他にも、宮崎駿さんの作品が好きで、『風の谷のナウシカ』の漫画にはかなり影響を受けています。あれも大きな文明論のような作品で、今でも通用する様々な視点を教えてくれました。ナウシカたちが生きる未来を見てみたい、という気持ちも生まれました。
ナウシカのような一度世界が滅んだ後の世界はなかなか想像つかないかもしれません。ですが、日常の延長にある、想像がつくような世界でも同じように問いが立てられるはず。

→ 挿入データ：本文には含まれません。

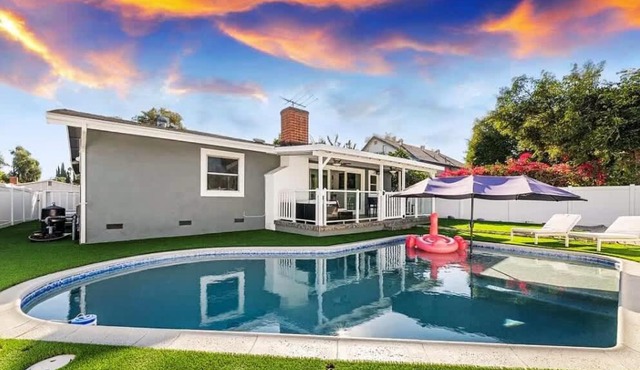 Love & LuxuryHeart Shaped Pool Paradise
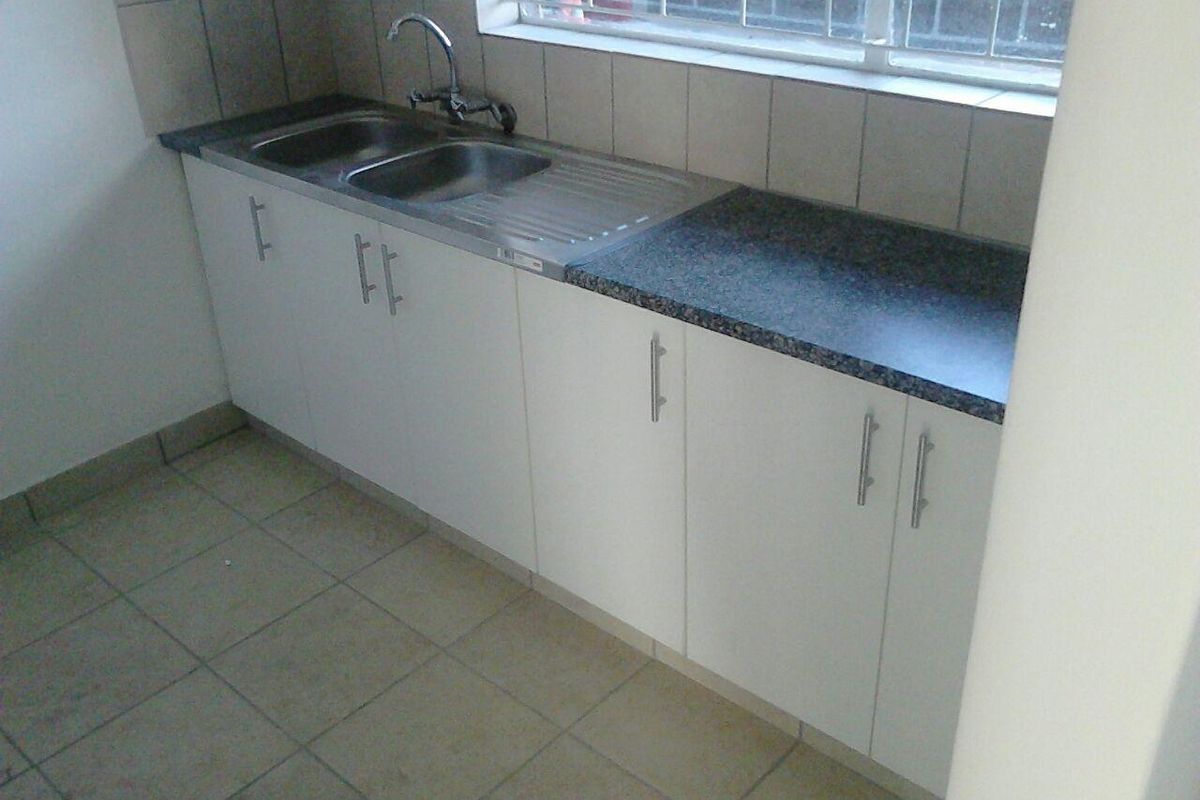 Modern Apartment for Rent - Photo 4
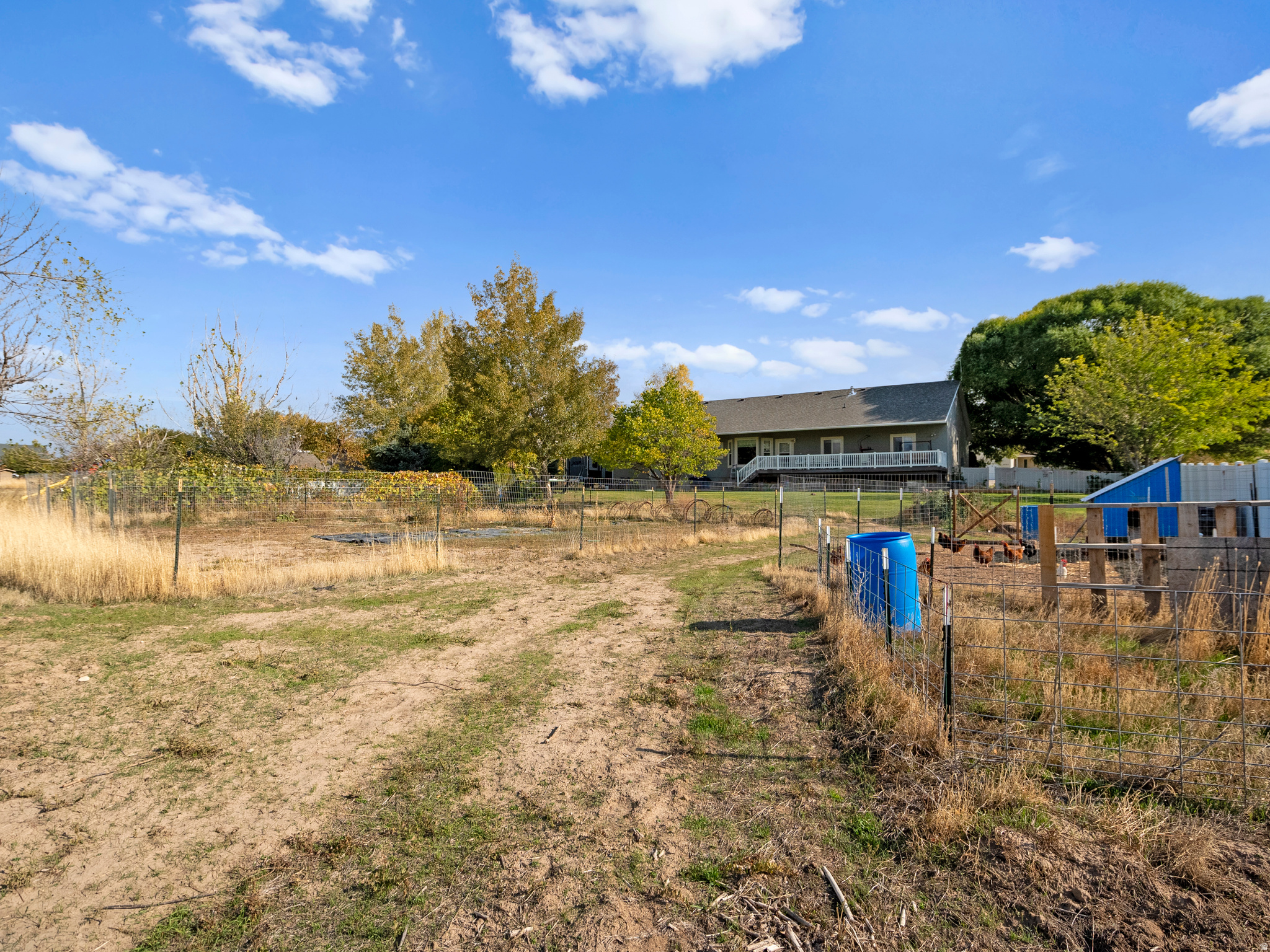 main property photo 23
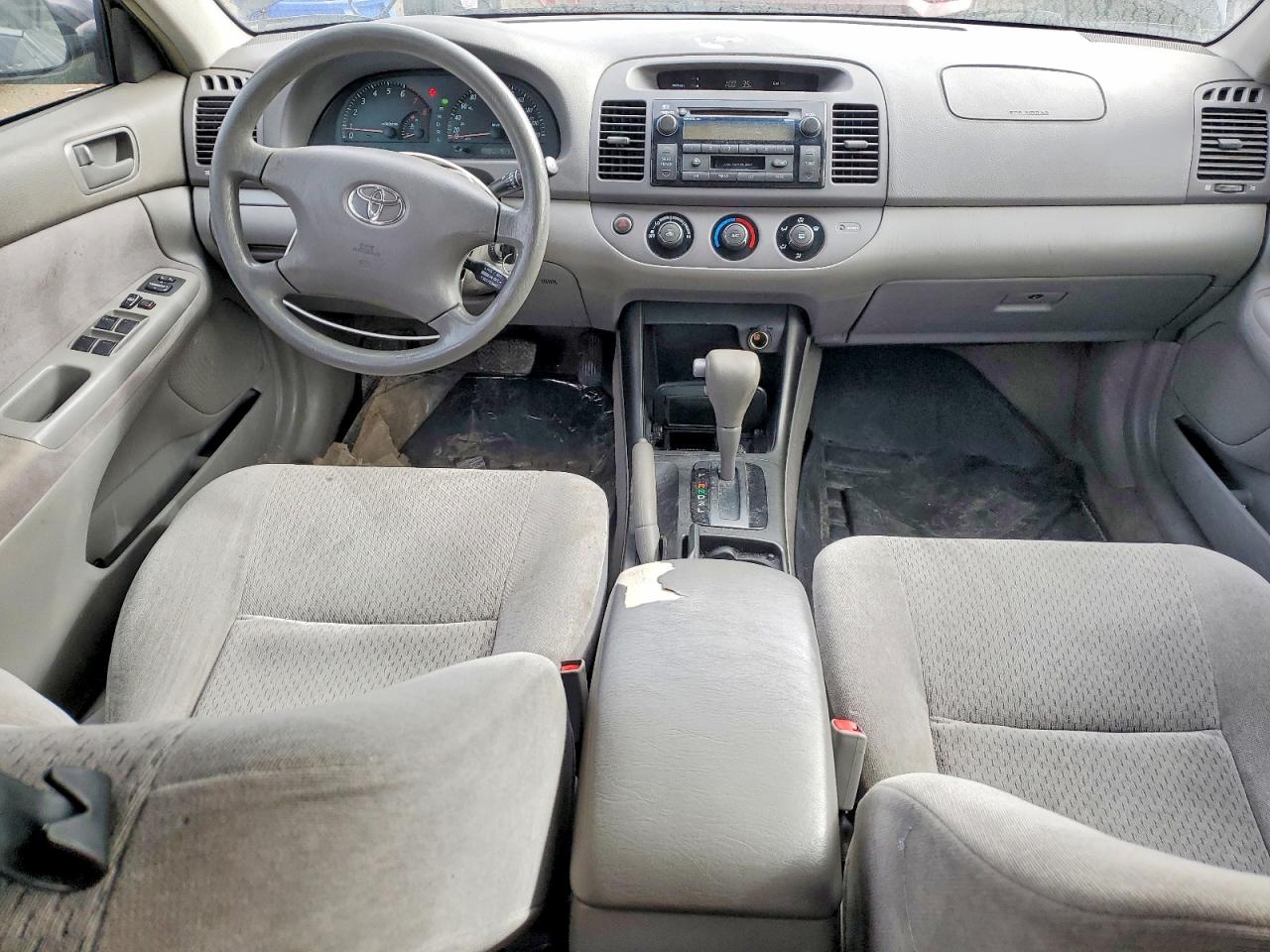 2002 TOYOTA CAMRY LE photo 22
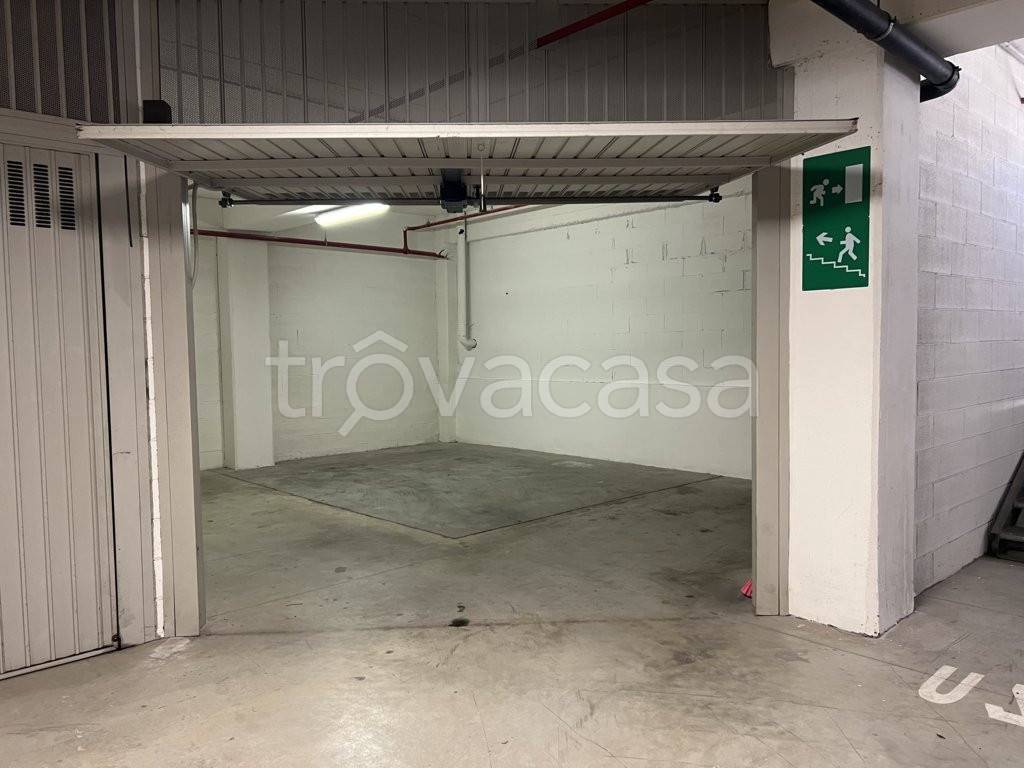 Garage in affitto a Genova via Piandilucco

自分たちの生活と地続きな世界を描いて、問いを投げかけたかった。その結果が、『AIの遺電子』なんだと思います」
生成系AIが急速に広がり、AIとの共生について多くの人が自分ごととして考えなければならなくなった。避けられない変化なのであれば、仕事や生活が激変する不安にさらされるのではなく、どうやっておもしろがるかが重要になる。
作品に触れたことのない人は、アニメも放映されるこのタイミングにぜひ触れてみてほしい。ずっとAIとの共生を想像してきた山田氏が描く世界には、この変化に向き合うためのヒントが散りばめられている。